Por Sthefaniy Henriques*

A função do historiador é lembrar a sociedade daquilo que ela quer esquecer, já dizia o grande Peter Burke. Quando mencionamos ditadura e as diversas violações dos direitos humanos que ocorreram durante os regimes, adentramos em uma grande zona de conflito e, sobretudo, de resistência, de opor-se, de vincular notícias e conhecimento sobre os impactos – primordialmente negativos – das ditaduras no Cone Sul. Na Argentina, especificamente, a memória e a resistência do não esquecimento do regime se expressam de maneiras distintas, não habituados aos olhares brasileiros quando o tema é abordado. O tema central do filme é um dos diversos exemplos que podem ser dados sobre a luta pela memória, pela continuidade de uma ferida que precisa ser exposta.

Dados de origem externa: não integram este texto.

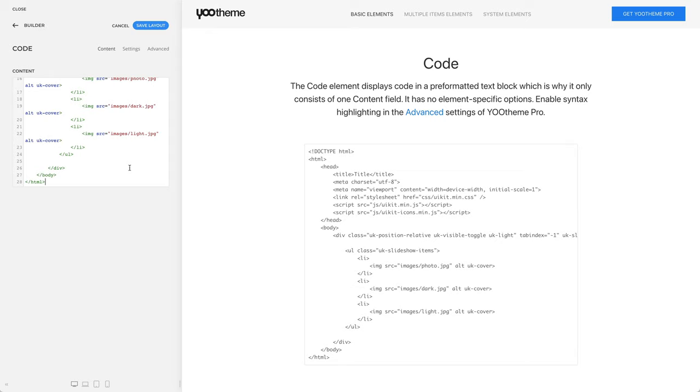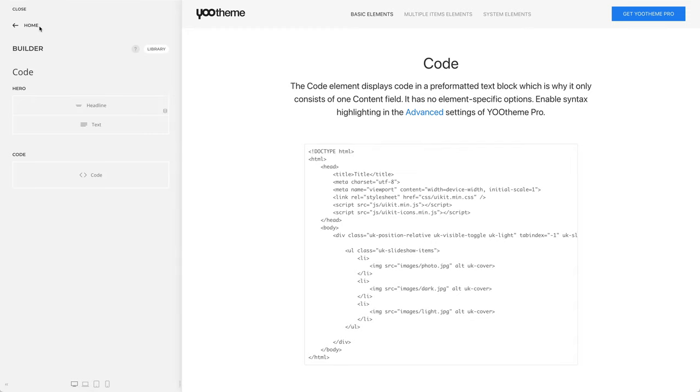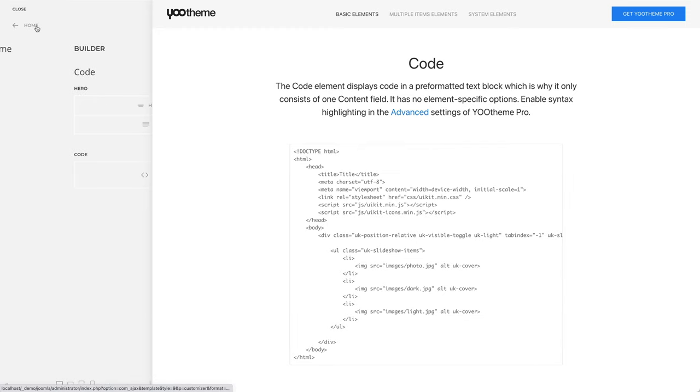The code element has no element-specific options, but you can enable syntax highlighting in the advanced settings of UTheme Pro.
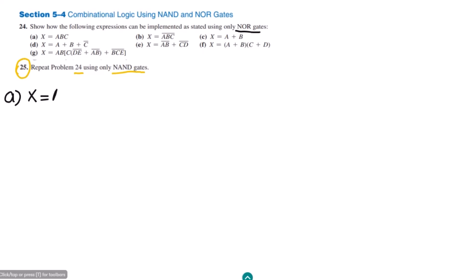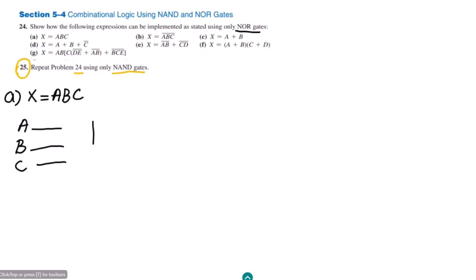The first expression we have is x = ABC. This is the AND operation carried out between three inputs. We have three inputs A, B, C — three input lines 1, 2, 3. These three are given to a three-input NAND gate. At the output of it we will get ABC whole complement.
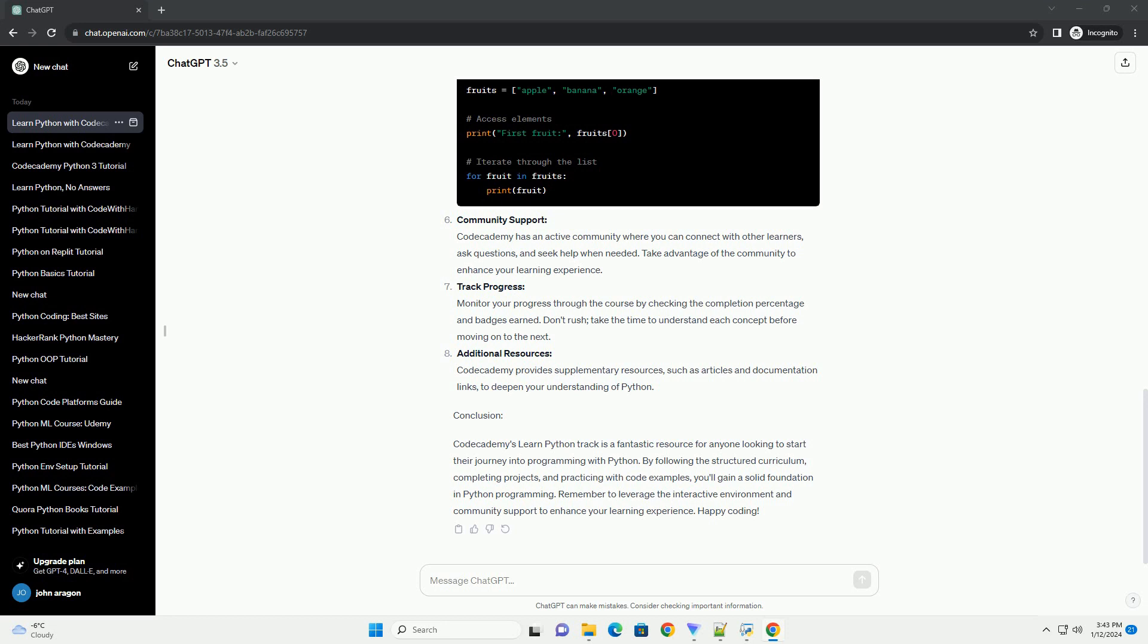Conclusion. Codecademy's Learn Python Track is a fantastic resource for anyone looking to start their journey into programming with Python. By following the structured curriculum, completing projects, and practicing with code examples, you'll gain a solid foundation in Python programming. Remember to leverage the interactive environment and community support to enhance your learning experience. Happy coding!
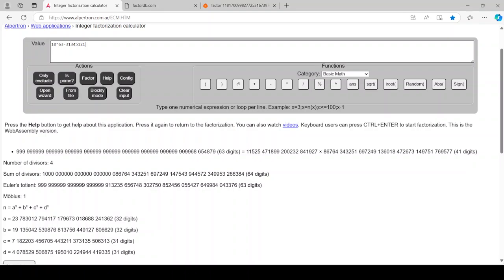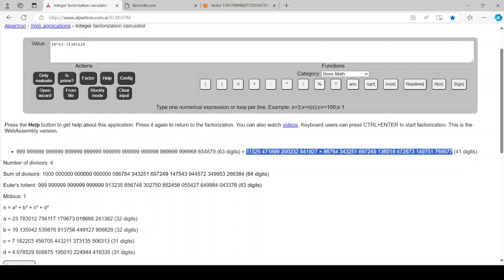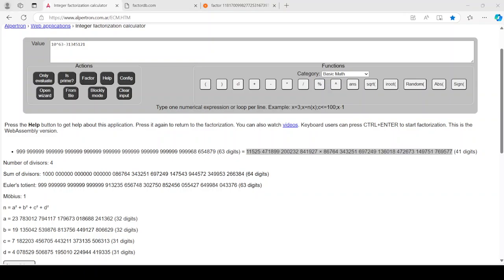Now, I'm going to say this number is 23 digits times 41 digits. It's still too difficult for Wolfram Alpha to handle. Let's do that. I'll replace it.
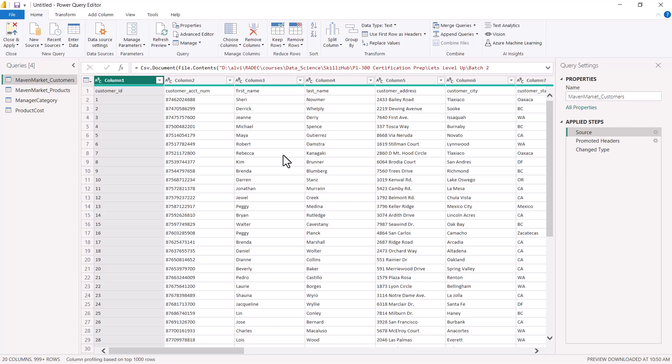This way you can go and change the data source location for any of your data sources. We have also seen some of the settings, and some additional settings we are going to explore in the next video — we are going to talk about the credentials and also the privacy levels associated with the data sources. That was all about the data source settings and the data source location. I'll see you in the next video.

Desde 1977, mulheres promovem passeadas na Praça de Maio, em Buenos Aires, em frente à Casa Rosada – sede da presidência da Argentina – para buscar informações de parentes desaparecidos durante o regime militar, principalmente filhos e netos. Desses protestos, nasceram organizações como Mães da Praça de Maio e Avós da Praça de Maio, esta última que será abordada e dará luz a causa no filme de Luis Puenzo.

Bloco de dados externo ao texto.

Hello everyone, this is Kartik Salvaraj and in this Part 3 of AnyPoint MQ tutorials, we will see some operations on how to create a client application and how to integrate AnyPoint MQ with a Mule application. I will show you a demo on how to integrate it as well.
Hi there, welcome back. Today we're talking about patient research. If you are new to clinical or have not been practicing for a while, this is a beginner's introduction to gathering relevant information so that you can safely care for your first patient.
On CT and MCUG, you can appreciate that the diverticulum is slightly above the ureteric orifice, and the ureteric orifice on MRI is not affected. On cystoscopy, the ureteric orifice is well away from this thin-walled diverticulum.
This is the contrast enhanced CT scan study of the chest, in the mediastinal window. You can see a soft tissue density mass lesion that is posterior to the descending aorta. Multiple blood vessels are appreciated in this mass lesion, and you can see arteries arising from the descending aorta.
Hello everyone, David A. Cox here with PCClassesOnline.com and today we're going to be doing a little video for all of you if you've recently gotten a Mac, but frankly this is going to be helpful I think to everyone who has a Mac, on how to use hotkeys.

Com temática que dá ênfase nos desaparecidos, principalmente crianças, A História Oficial é o primeiro filme latino-americano a ganhar o Oscar na categoria de filme internacional, horando a Argentina como o primeiro país a conseguir tal feito. Além do Oscar, o filme também agregou a sua prateleira de prémios o Globo de Ouro de Melhor Filme Internacional e o prêmio de Cannes de Melhor Atriz, conquistado por Norma Aleandro.

O filme se passa em 1983, coincidindo com o início das gravações do filme que vão durar até 1985 devido a continuidade de algumas opressões. No último ano de ditadura, a câmera de Puenzo se concentra em uma família argentina de classe média alta, de modo próprio em Alicia Maquet, uma professora rígida de história que, com o retorno de sua amiga Ana do exílio, começa a questionar se Gaby, sua filha adotiva, é um bebê da ditadura, ou seja, uma criança retirada de sua mãe biológica pelos militares para venda.

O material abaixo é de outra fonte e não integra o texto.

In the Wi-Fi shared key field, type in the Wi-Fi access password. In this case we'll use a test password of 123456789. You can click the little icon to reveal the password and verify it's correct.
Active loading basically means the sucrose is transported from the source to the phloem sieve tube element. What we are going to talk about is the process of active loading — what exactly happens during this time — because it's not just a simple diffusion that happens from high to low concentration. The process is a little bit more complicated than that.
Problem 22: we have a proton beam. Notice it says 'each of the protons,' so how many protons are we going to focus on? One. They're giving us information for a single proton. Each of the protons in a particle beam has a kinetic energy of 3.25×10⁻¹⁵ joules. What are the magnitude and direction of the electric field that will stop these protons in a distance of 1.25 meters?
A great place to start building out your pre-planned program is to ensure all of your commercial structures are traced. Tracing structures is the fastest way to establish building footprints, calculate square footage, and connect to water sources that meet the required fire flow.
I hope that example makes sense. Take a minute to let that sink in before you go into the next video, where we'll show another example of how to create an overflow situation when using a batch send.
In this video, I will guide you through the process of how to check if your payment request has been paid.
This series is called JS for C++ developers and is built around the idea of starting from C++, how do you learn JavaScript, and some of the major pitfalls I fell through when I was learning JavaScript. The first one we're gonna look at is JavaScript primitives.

A produção é riquíssima e uma fonte histórica primorosa para as pesquisas sobre a Ditadura na Argentina, afinal, enquanto era gravado, não existia o conhecimento de hoje em dia sobre o período, o próprio diretor e a roteirista basearam-se unicamente em suas observações. Deste ponto, nos centraremos nos fundamentos primordiais que compõem A História Oficial e como a luta pela memória de Puenzo atingiu a grande massa.

Contexto político-social argentino

A Argentina tem um longo histórico de militares no poder. Entretanto, a ditadura militar inicia-se em 1976 e perdura até o ano de 1983 quando a desintegração de algumas esferas de poder faz a ditadura cair. Segundo Hugo Quiroga (2006) tais fatores estavam intimamente ligados: fracasso da política econômica, desistência interna das forças armadas e a derrocada na Guerra das Malvinas levaram o aumento de pressão interna e da pressão externa. Junto ao descontentamento popular, o presidente estadunidense Jimmy Carter (1978-1981), democrata conhecido pelo incentivo a democracia em outros países e defensor dos direitos humanos observava a situação da Argentina com certa preocupação.

A Argentina é marcada pelo regime de Segurança Nacional, que, segundo Serra Padrós (2005) pode ser dividida em termos econômicos e em termos políticos. Na economia, houve um grande afastamento da política de Peron da valorização nacional, a econômica se internacionaliza e o Estado ‘‘colhe os frutos’’ de tal mudança, como o crescimento de dívidas externas, uma concentração de renda e o aumento da exploração da classe trabalhadora. Em termos políticos, o objetivo era destruir organizações revolucionárias, tornar setores populares antipolítico ou associados a ideologia dos militares, além da associação com os EUA. Ainda na política, ocorrerá a manifestação da repressão, silenciosa, oculta, mas existente. Falar sobre ditadura na Argentina é, acima de tudo, falar sobre uma repressão que raramente se via a luz do dia e, quando se via, logo era ‘‘esquecida’’. Então, como falar sobre a repressão para públicos que talvez não queiram ouvir sobre?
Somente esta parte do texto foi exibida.